Another time dimension:

Article: Longitudinal assessment of urinary PCA3 for predicting prostate cancer grade reclassification in favorable-risk men during active surveillance.

Article link: https://www.nature.com/pcan/journal/vaop/ncurrent/full/pcan201716a.html

Research question: To assess the utility of urinary prostate cancer antigen 3 (PCA3) as both a one-time and longitudinal measure in men on active surveillance (AS).

Significance:  Although methods of monitoring and triggers for curative intervention vary among Active Surveillance programs, the majority of protocols require serial prostate biopsy, a procedure associated with patient discomfort and risk of complications. As such, alternative methods of monitoring are needed. One potential option is prostate cancer antigen 3 (PCA3), a noncoding mRNA first described in 1999 that is highly overexpressed in PCa tissue. Since its introduction to clinical use, several studies have exhibited a significant association of PCA3 with PCa. To this point, however, evaluation of PCA3 in the AS population remains quite limited. Findings suggest potential utility of PCA3 in the AS setting but remained limited by small sample size and short-term follow-up. Furthermore, the utility of repeated PCA3 measures has yet to be demonstrated.

Study sample: Since 1995, the institutional review board-approved Johns Hopkins AS program has enrolled 1511 men with favorable-risk (low-risk or very-low-risk) PCa with informed consent.

Longitudinal study: Monitoring included semiannual PSA and digital rectal exam (DRE) as well as annual prostate biopsy and/or more recently prostate magnetic resonance imaging (MRI) for most men. Since 2007, urine samples were obtained at clinic visits after standard DRE. In order to assess for longitudinal changes in PCA3, the study cohort was limited to subjects with at least two urine samples obtained over greater than or equal to 3 years of follow-up (that is, at least 3 years apart) and a prostate biopsy within 6 months of each PCA3 assessment (n=294). Further, owing to variable effect of 5-alpha reductase inhibitor (5-ARI) medications on PCA3, 34 men who were on 5-ARI at the time of PCA3 assessment were excluded. The sample size is similar to a prior analysis of the AS cohort. The chosen outcome of interest was grade reclassification (GR) defined as any Gleason score >6 cancer detected on follow-up biopsy.

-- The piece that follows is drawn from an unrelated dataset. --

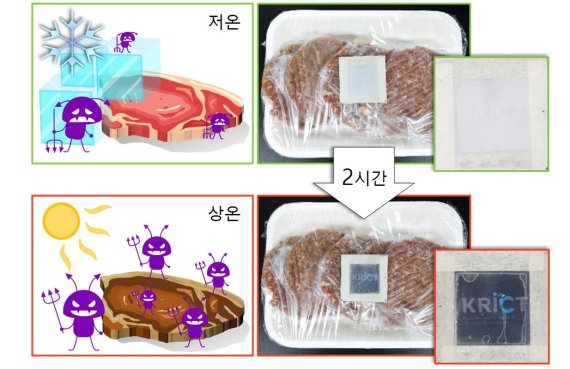 냉장고에서 꺼낸 햄버거 패티를 2시간 동안 상온에 놔두면 포장지에 부착된 콜드체인 안심 스티커에 이미지가 나타난다. 화학연구원 제공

Analysis approach: Patient demographics as well as first (fPCA3) and subsequent (sPCA3) PCA3 scores were compared between men who did and did not undergo GR using t-test, Mann–Whitney test or chi-squared test, as appropriate. PCA3 scores were transformed into logarithmic scale to correct for skew and stabilize variance. A linear mixed-effects model with random effects was used to assess the longitudinal changes in PCA3 over time and also to evaluate its association with the outcome of interest. Additionally, the utility of a single PCA3 value for independently predicting high-grade disease was assessed using a multivariable logistic regression model adjusting for age, disease volume (very-low-risk or low-risk status) and PSAD. Model accuracy was assessed by measuring the area under the receiver operating characteristic curve (AUC), and the goodness-of-fit of the multivariable model was evaluated using Hosmer–Lemeshow goodness-of-fit test. One-sided tests were used for a priori hypotheses that were directional, and statistical significance was set at P<0.05.